MF: I write everywhere. When I’m home, it’s a little easier. But when I’m in foreign places, and I hear people talking in English, they’ll say things in different tones, in different ways. I try to keep track of some of that, and I’ll “borrow” how a phrase is said in another place.
LEO: So, there aren’t any of those little phrases from how you heard people speak in Kentucky, are there?
MF: Kentucky?! No, no … but I’ll tell you what: I’m going to go to the Muhammad Ali (Center) when I’m in Louisville, because I think Muhammad Ali is one of the dopest lyricists ever.
Saturday, Oct. 20
Sean Watkins seems to have the world at his feet. He’s in Nickel Creek — likely the best acoustic ensemble of the last decade — and the guitarist also finds time to make solo records that let him experiment with new musical directions and have earned fine notices. But a few months ago, Nickel Creek announced that their current tour would be followed by a hiatus of unknown length. As in, Adios until we feel like reassembling.
So when the progressive bluegrass-and-then-some trio plays the Brown Theatre (315 W. Broadway, 584-7777) on Saturday, there’s reason to celebrate and wish ’em well — but also cause for a sad tear or two (even though they’ve got a comedian opening). They’re calling this the “Farewell (For Now) Tour,” and Sean Watkins told LEO, “It’s a good point to jump off. We’d played together 19 years, and renewal of our contract would’ve meant eight or 10 more.”
The cause for the hiatus isn’t tense emotional conflict. In fact, the guitarist counters that “it’s very calculated,” and he cites a slightly relaxed schedule over the last year as pointing the way. “I’ve been able to stretch my creative legs a lot from being more at home.”
Then he begins a list of collaborations (a full album with John Forman already in the can, an eight-member ensemble with Benmont Tench, Pete Thomas and Davey Faragher itching to hit the studio) and it becomes clear that we’ll just have to let Sean, fiddler-sister Sara and mandolinist Chris Thile have their way. Nickel Creek leaves in its wake a new best-of with live tracks and DVD extras (Reasons Why) and a lot of fans who think that if it is indeed over after nearly two decades, the end still came too soon. Tickets are $25.
Thursday, Oct. 18
Ponieheart is the name of an act that now has one member — Paul Fugazotto II — who came out of the group that eventually became Brightblack Morning Light.

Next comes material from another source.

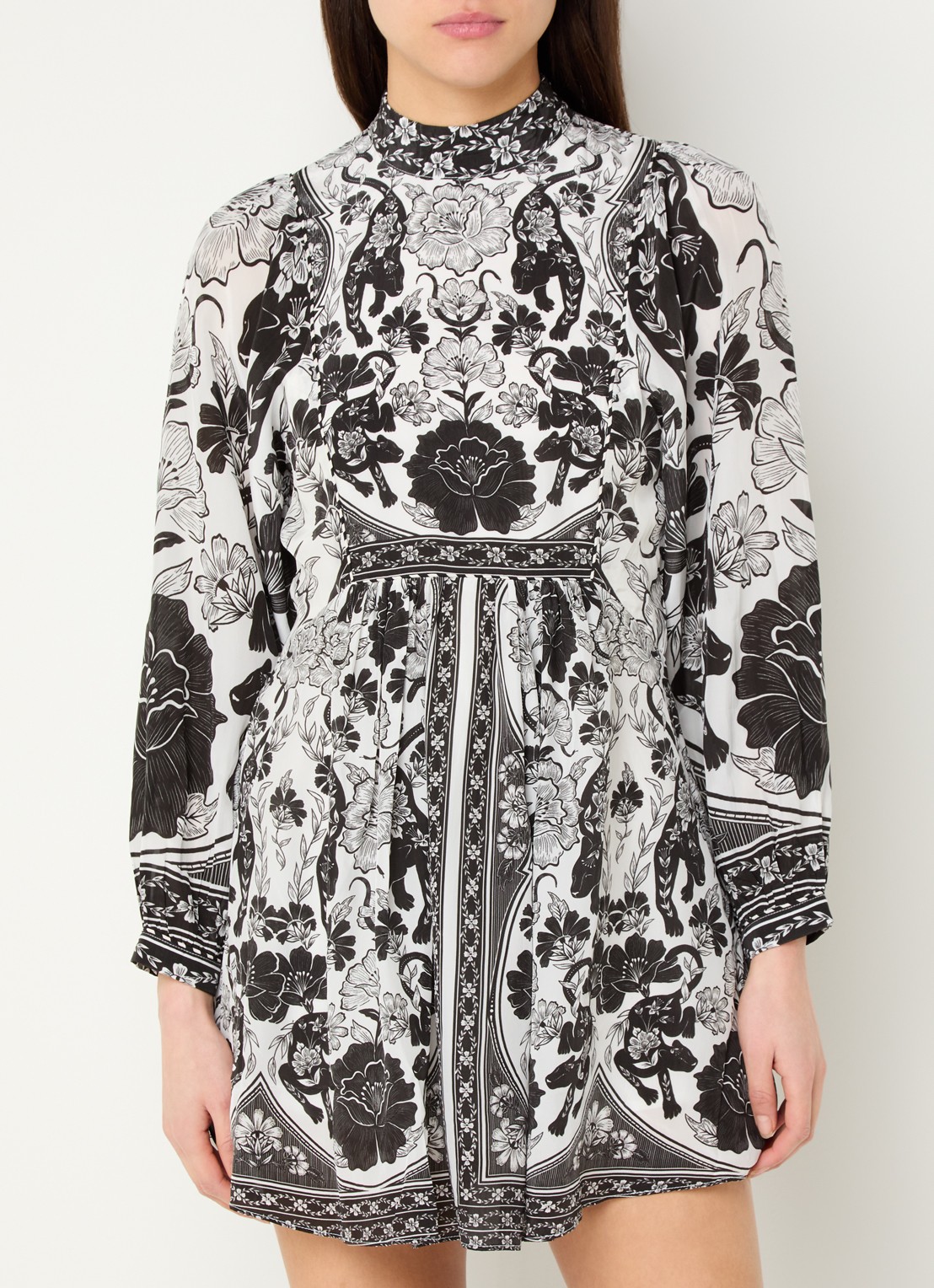 Farm Rio Mini jurk met print - detail 4 gebroken wit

His music mixes a classic bittersweet/delicate acoustic singer-songwriter sound with deftly sketched, dynamic electronics. He’s sometimes had a couple of players expanding the accompaniment, but at Lisa’s Oak Street Lounge (1004 E. Oak St., 637-9315) on Thursday night, he says, “it’s me, and iPod, a 202 sampler and the guitar. I don’t want it to be too karaoke, so I don’t put on record anything I can’t reasonably sound like onstage.”
On the Ponieheart MySpace profile, the list of influences consists of one unexpected entry: Carole King. Fugazotto is ready to open up to more when asked, though: “Rebecca Gates of Spinanes shaped my music a lot. Helmet shaped the way I played guitar. And Rush! I was into Rush early — before puberty. So as my voice changed, I learned to keep it high like Geddy Lee.”

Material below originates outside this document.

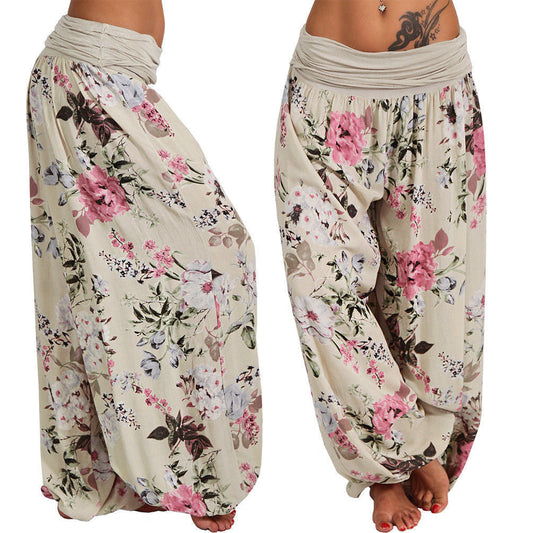 Digital print long wide leg slacks harem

In these days of Iron & Wine, it isn’t so surprising what one central acoustic player and a lot of imagination can bring about. So are the songs written over beats, as in so much of hip hop?
Not this time: “In the end, rhythm is where I’ll add or subtract. The songs, I work them out in my head, memorize and play them on guitar for months.”
The results for Ponieheart aren’t too far from the twilight-and-outskirts alt-folk of a quieter Will Oldham. The show at Lisa’s starts at 10:30 p.m. on Thursday night, with $5 tickets.